In the answer, each line from the top of the material through the line that contains "Kelaniya University students stage protest" is restated exactly. No picture is given again.

Top of ENTRIES SUPPLIED

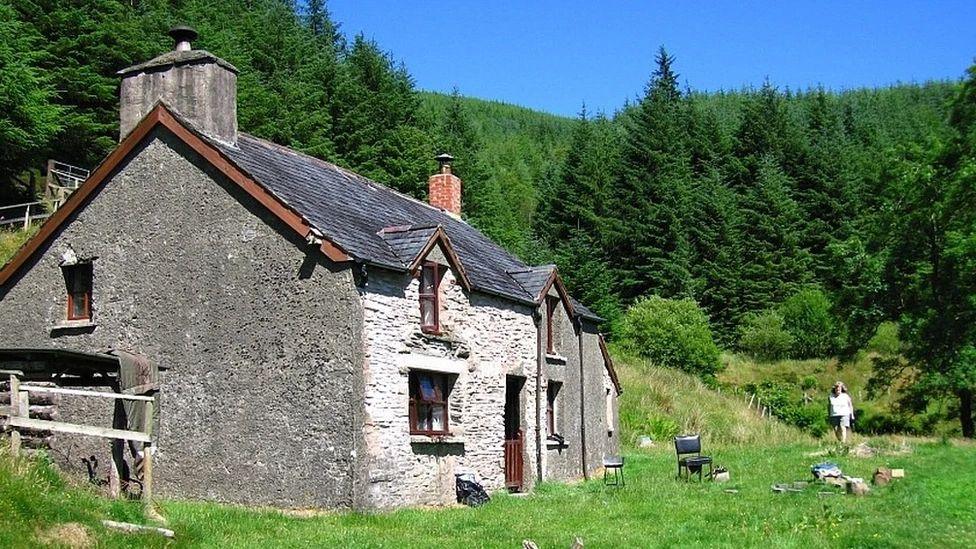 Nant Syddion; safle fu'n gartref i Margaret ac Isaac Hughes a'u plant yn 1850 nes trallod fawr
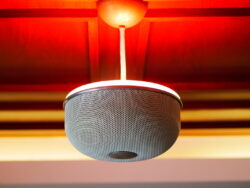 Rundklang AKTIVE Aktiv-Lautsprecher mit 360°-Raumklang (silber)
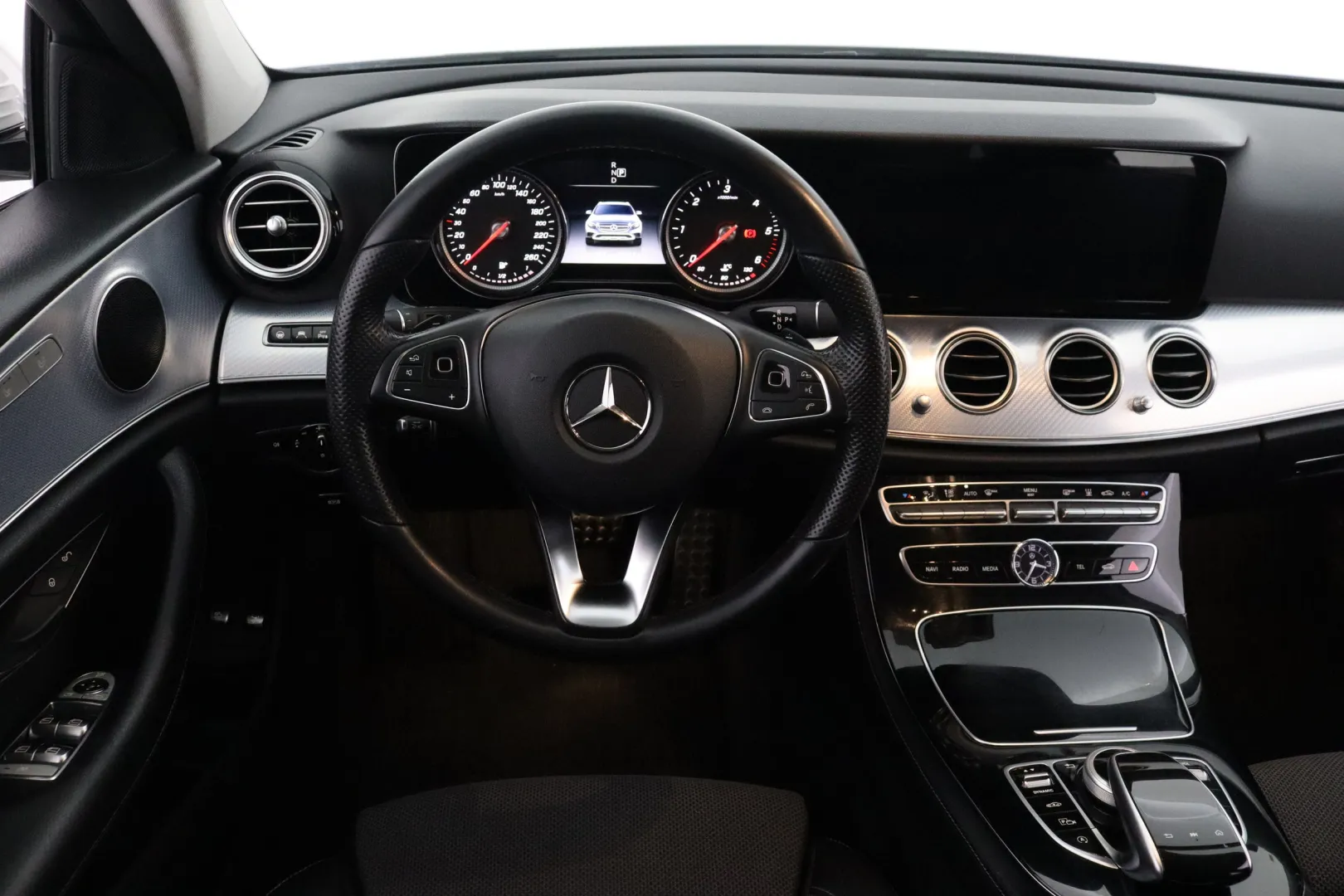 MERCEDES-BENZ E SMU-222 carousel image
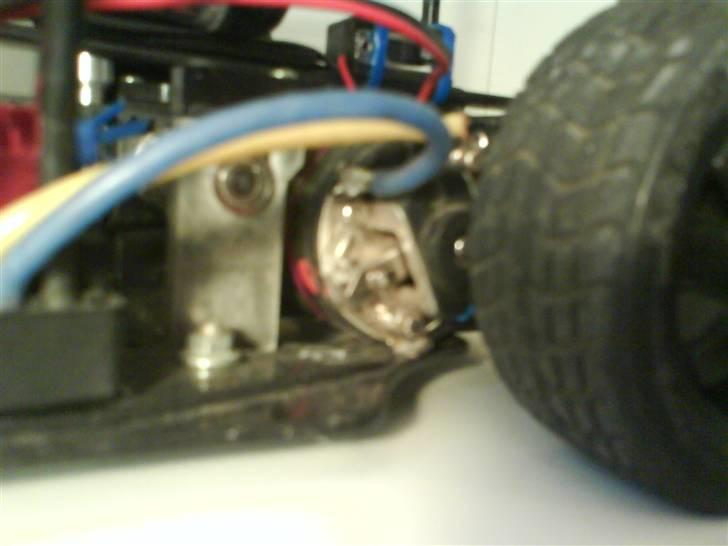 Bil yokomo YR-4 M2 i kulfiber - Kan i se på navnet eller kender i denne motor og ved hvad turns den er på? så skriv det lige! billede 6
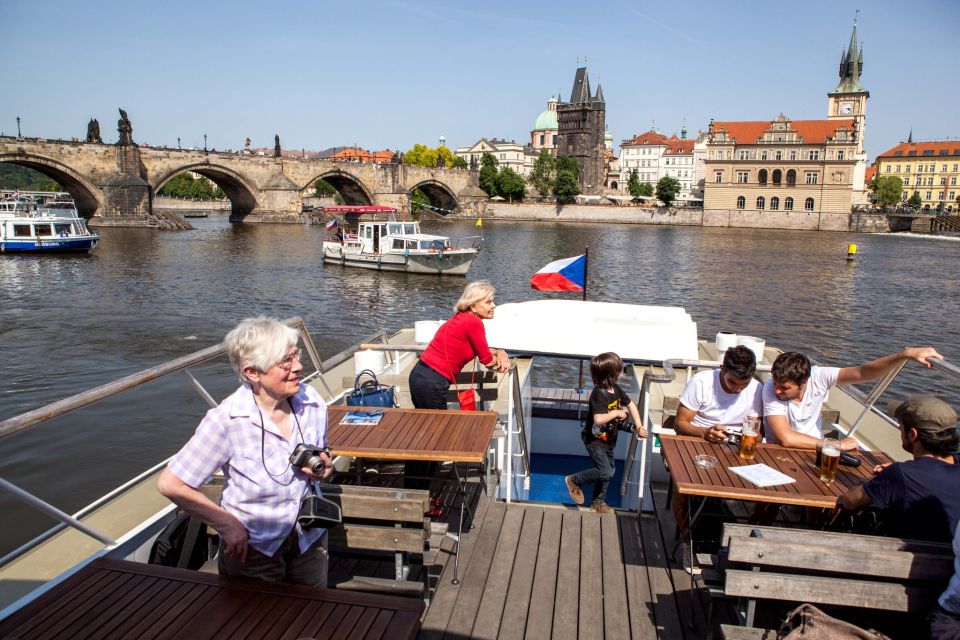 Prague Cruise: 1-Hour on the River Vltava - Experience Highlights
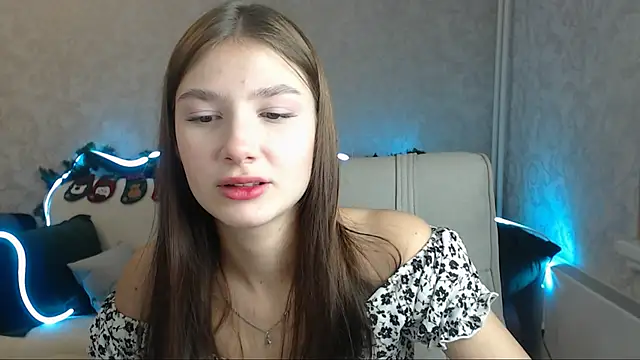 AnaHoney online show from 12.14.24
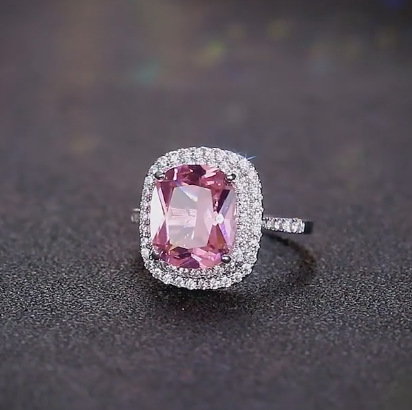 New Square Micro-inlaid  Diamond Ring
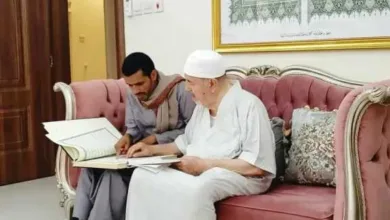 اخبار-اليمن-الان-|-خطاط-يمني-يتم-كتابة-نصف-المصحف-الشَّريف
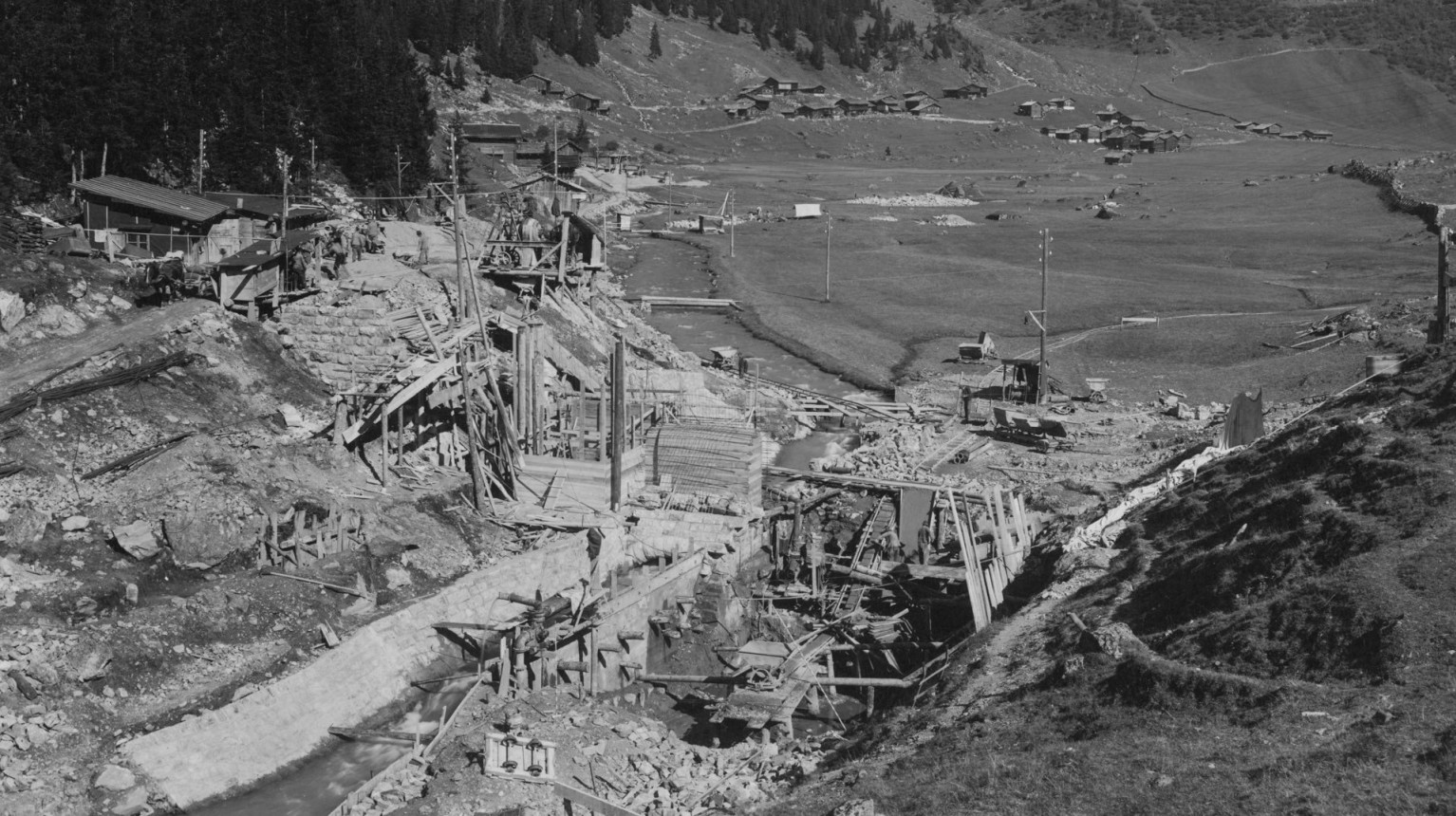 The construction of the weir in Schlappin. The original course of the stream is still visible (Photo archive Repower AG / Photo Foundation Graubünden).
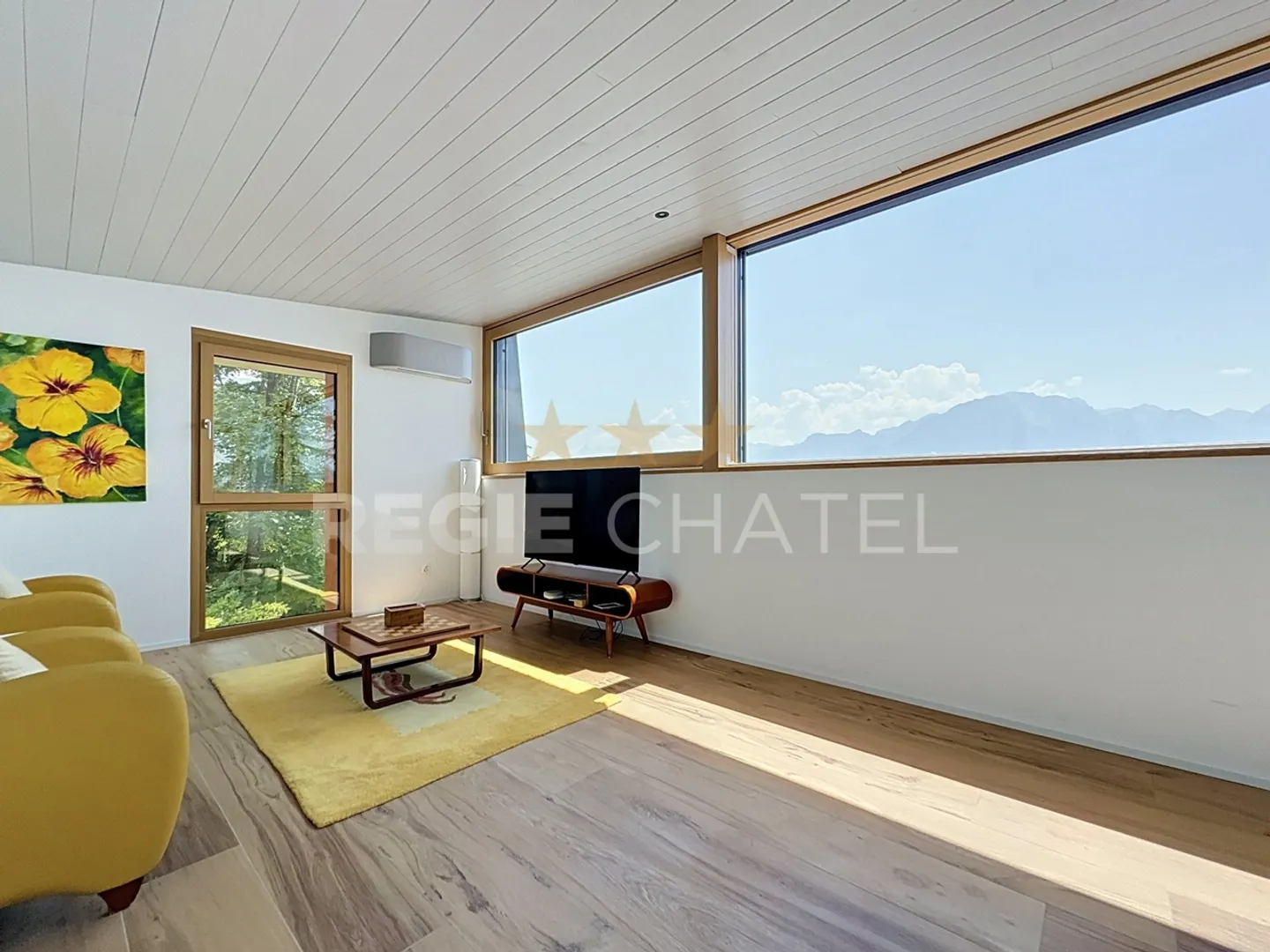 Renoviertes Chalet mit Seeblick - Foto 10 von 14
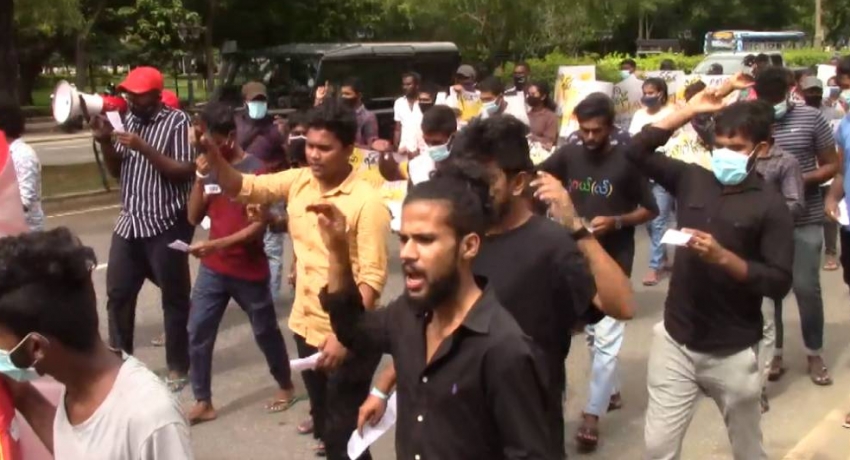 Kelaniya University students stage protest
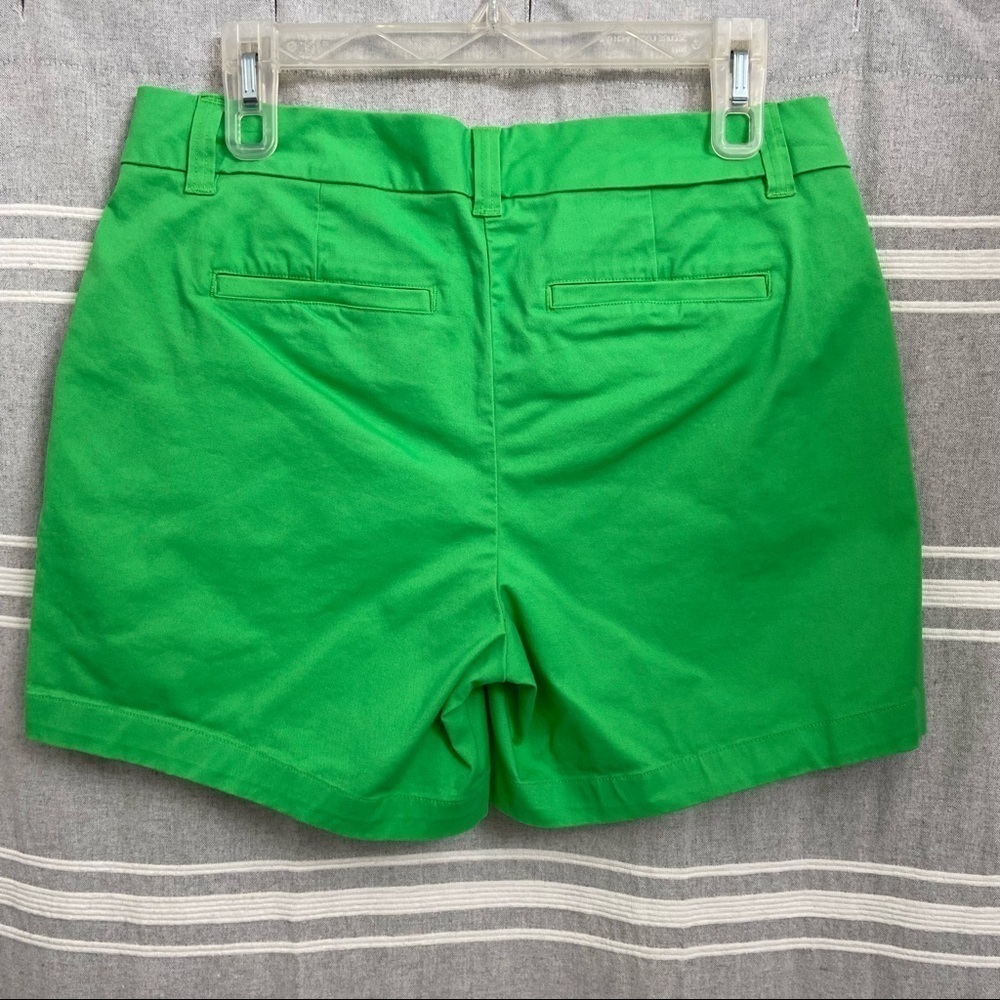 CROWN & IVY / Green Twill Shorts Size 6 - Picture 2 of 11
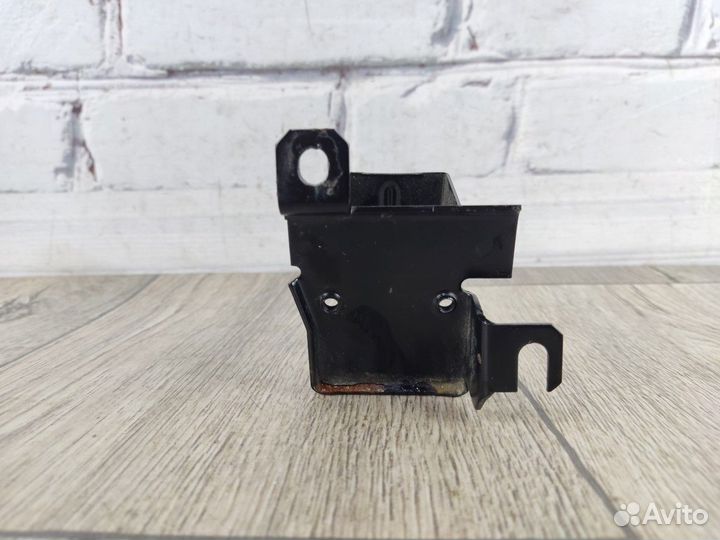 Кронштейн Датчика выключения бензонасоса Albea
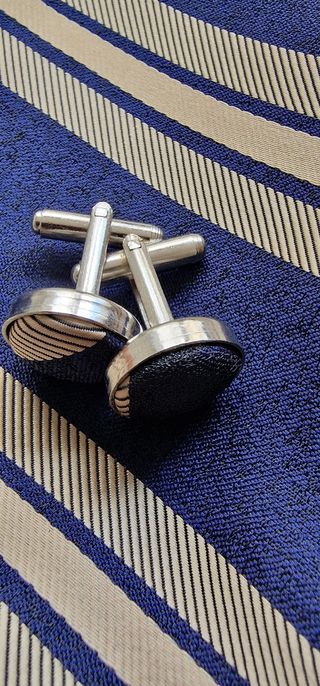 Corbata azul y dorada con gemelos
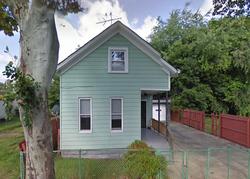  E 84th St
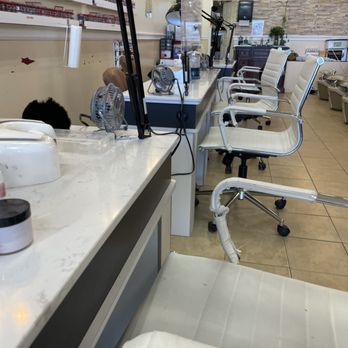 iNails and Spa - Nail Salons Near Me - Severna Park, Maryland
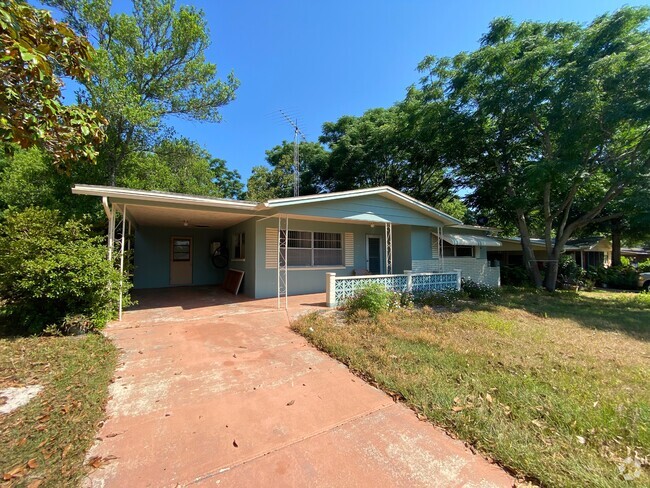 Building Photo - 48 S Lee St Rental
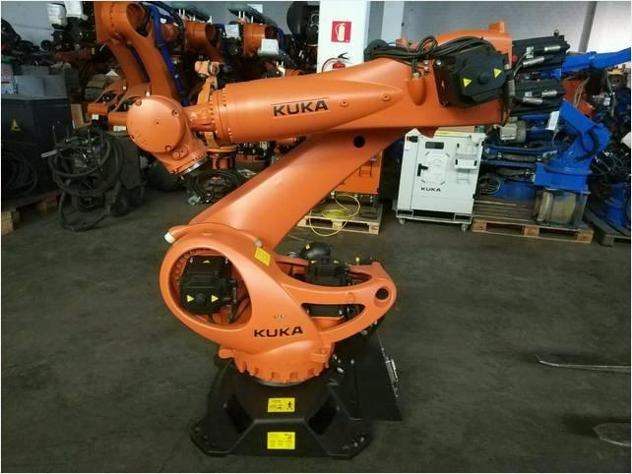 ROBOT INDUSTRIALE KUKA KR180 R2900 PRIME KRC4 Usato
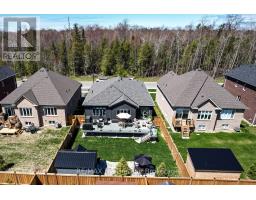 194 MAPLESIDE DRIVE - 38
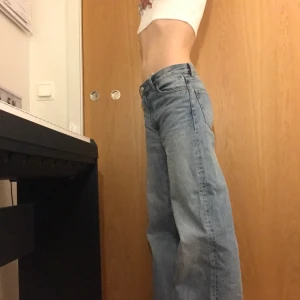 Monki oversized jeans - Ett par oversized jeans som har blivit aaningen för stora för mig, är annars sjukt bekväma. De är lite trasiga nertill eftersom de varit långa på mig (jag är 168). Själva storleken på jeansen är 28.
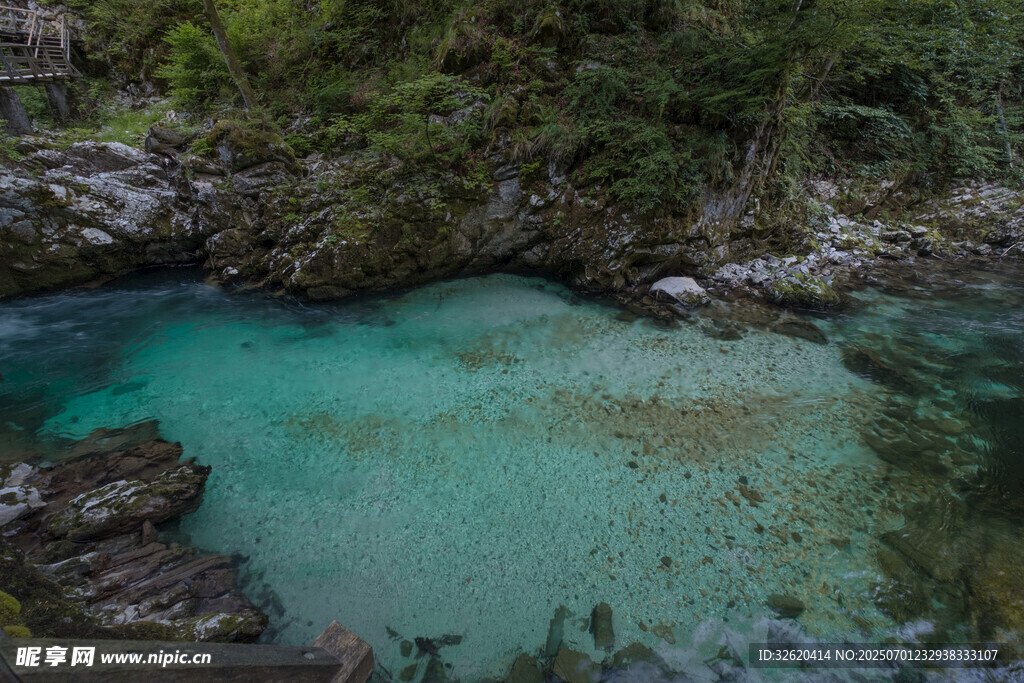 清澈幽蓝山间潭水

Bottom of ENTRIES SUPPLIED

TASK RESULT:
 Nant Syddion; safle fu'n gartref i Margaret ac Isaac Hughes a'u plant yn 1850 nes trallod fawr
 Rundklang AKTIVE Aktiv-Lautsprecher mit 360°-Raumklang (silber)
 MERCEDES-BENZ E SMU-222 carousel image
 Bil yokomo YR-4 M2 i kulfiber - Kan i se på navnet eller kender i denne motor og ved hvad turns den er på? så skriv det lige! billede 6
 Prague Cruise: 1-Hour on the River Vltava - Experience Highlights
 AnaHoney online show from 12.14.24
 New Square Micro-inlaid  Diamond Ring
 اخبار-اليمن-الان-|-خطاط-يمني-يتم-كتابة-نصف-المصحف-الشَّريف
 The construction of the weir in Schlappin. The original course of the stream is still visible (Photo archive Repower AG / Photo Foundation Graubünden).
 Renoviertes Chalet mit Seeblick - Foto 10 von 14
 Kelaniya University students stage protest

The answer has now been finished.